DETROIT - As bargainers for the United Auto Workers and General Motors Corp. continue to haggle across a table in Detroit, the big issue in the critical contract talks comes down to this: If GM pays the union to take on the company's huge retiree healthcare obligations, can the UAW's investments return more than the rate of healthcare inflation?
GM wants to unload much of its roughly $51 billion in unfunded retiree health costs to a trust that would be administered by the union. The UAW in exchange wants promises that GM will continue building cars at union-represented plants.
It's the key obstacle of the talks, and the complexities are what's dragging them out. The two sides have yet to agree on how much GM will put into the trust, a person who had been briefed on the bargaining said yesterday. The person, who requested anonymity because the negotiations are private, said the talks likely would take several more days to complete.

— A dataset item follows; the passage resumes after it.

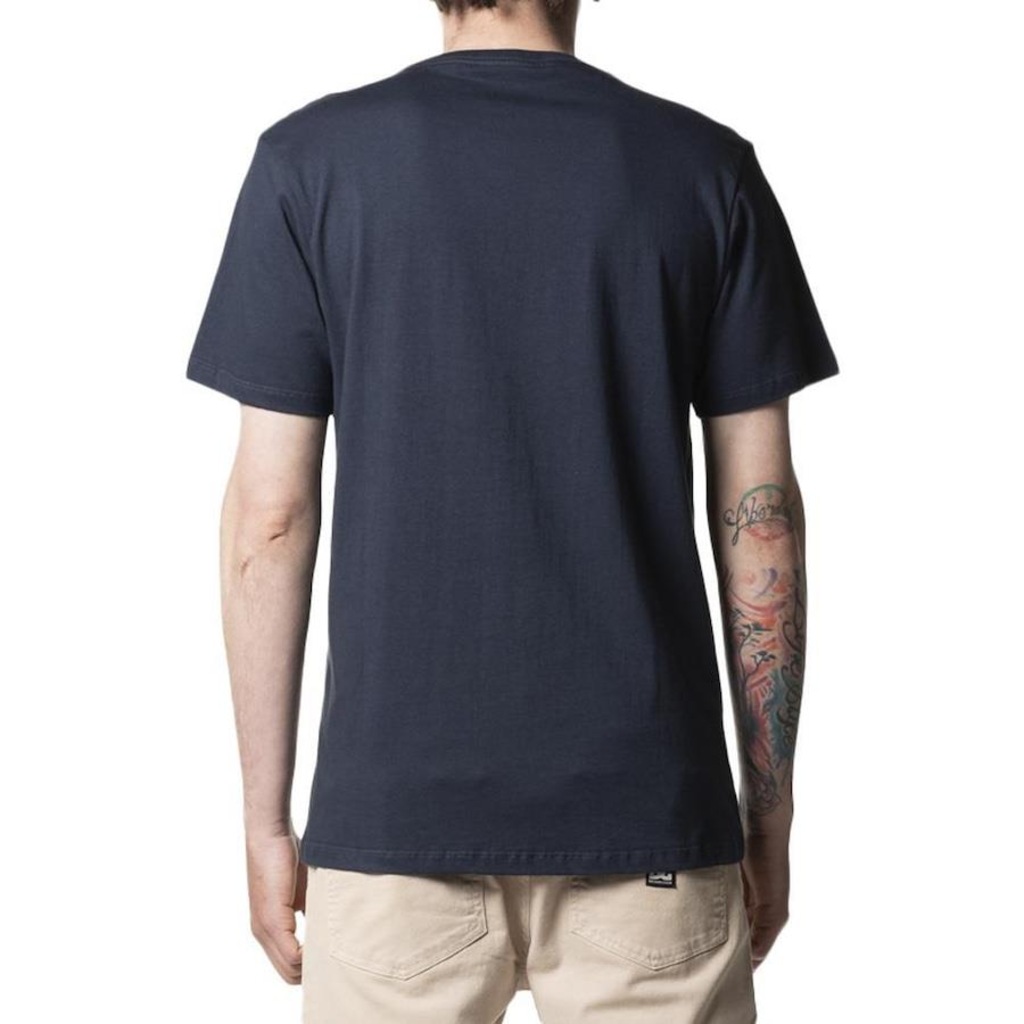 Imagem 2 do produto Camiseta Dc Shoes All Outline Sm24 - Masculina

Yesterday was the fifth day of bargaining since GM's contract with the UAW was scheduled to expire, but the union has extended the pact hour by hour. Negotiators went home for the night about 9 p.m. and were to meet again today, GM spokesman Tom Wickham said.

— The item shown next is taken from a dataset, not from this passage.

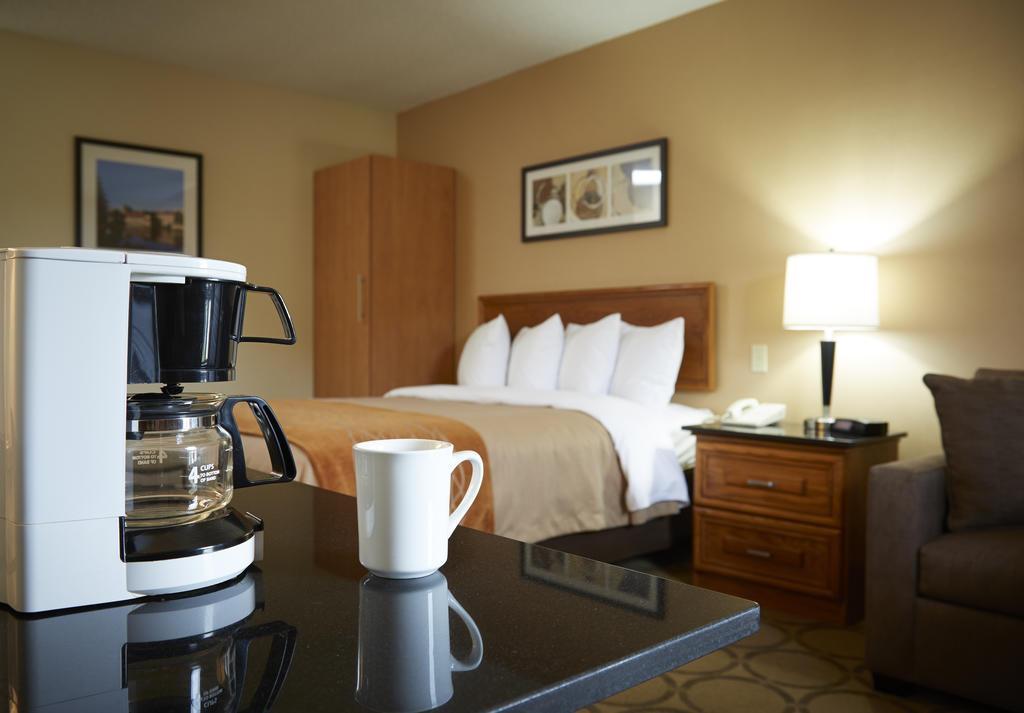 Comfort Inn Kirkland Lake Εξωτερικό φωτογραφία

Whatever GM and the union agree to likely will be copied when it comes to Ford Motor Co. and Chrysler LLC, and experts say other companies with large workforces also could follow.
GM has pushed hard for the union to take on the retiree health costs. All three automakers are interested in paying into a trust fund that the union would administer. The trusts, called voluntary employees beneficiary associations, or VEBAs, would let the companies remove the liabilities from their books and possibly raise their stock prices and credit ratings. In a recent note to investors, Morgan Stanley analyst Jonathan Steinmetz predicted that VEBAs would save $200 per vehicle.